“Finché gli adulti non cambieranno atteggiamento, pubblicando sui social la pagella del figlio o il video del saggio di danza, certi fenomeni non si arresteranno.” Il nocciolo della questione risiede, secondo lo psicologo, nella “pornografizzazione” dell’infanzia e nella progressiva scomparsa del confine tra esperienza intima e pubblica. I baby influencer rappresentano solo la punta dell’iceberg di un fenomeno più ampio, che necessita di una regolamentazione chiara e definita.
Lancini si chiede che adulti diventeranno questi “enfant prodige” esposti fin da piccoli al giudizio del pubblico. “Difficile dirlo con certezza,” ammette, paragonando l’esposizione mediatica odierna a quella, artistico-sportiva, di qualche decennio fa. “Pensiamo allo Zecchino d’Oro o ai giovani atleti. Il successo precoce può avere effetti positivi sull’autostima, ma il rischio di delusione in caso di fallimento è altissimo.”
Lancini sottolinea anche l’aspetto economico: molti baby influencer guadagnano cifre considerevoli, spesso superiori a quelle dei genitori, creando uno squilibrio nel rapporto educativo. “La soluzione potrebbe essere il vincolo sui compensi, congelati fino alla maggiore età,” suggerisce.

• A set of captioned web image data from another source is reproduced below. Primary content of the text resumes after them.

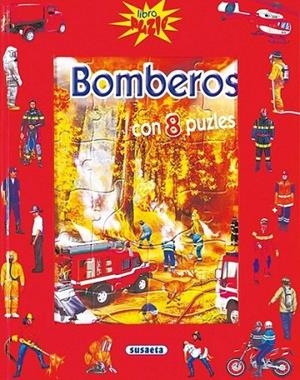 BOMBEROS - LIBRO PUZZLE | 9788430562428 | VARIOS AUTORES | Librería Castillón - Comprar libros online Aragón, Barbastro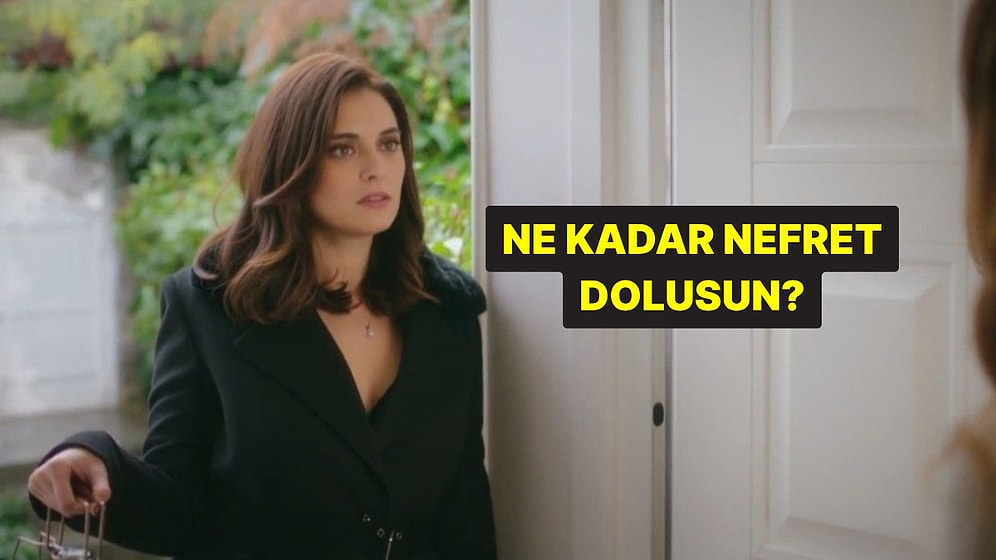 Kişilik Testi: Ne Kadar Nefret Dolusun?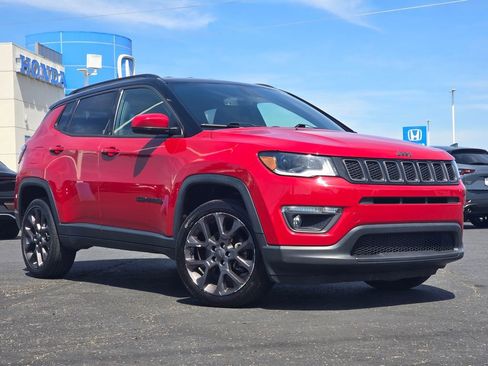 Used 2020 Jeep Compass High Altitude AWD/4WD image 1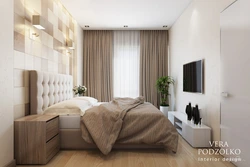 Bedroom design 10 sq m in modern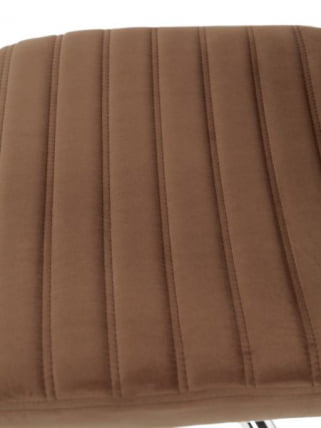 Офисное кресло CHAIRMAN 033 велюр Коричневый_2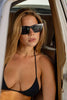 Klara Cat Eye Sunglasses - Black - Hauslife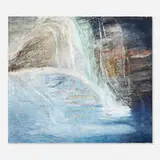 Laura Newman, Pool, 1986, oil on canvas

La vera sfida, conclude lo psicologo, consiste nel riportare gli adulti al centro del processo educativo. “Se vogliamo tutelare i minori, dobbiamo cambiare il nostro approccio. Solo così potremo aiutarli a vivere serenamente la dimensione digitale, senza trasformarli in prodotti da spremere per il nostro bisogno di visibilità.”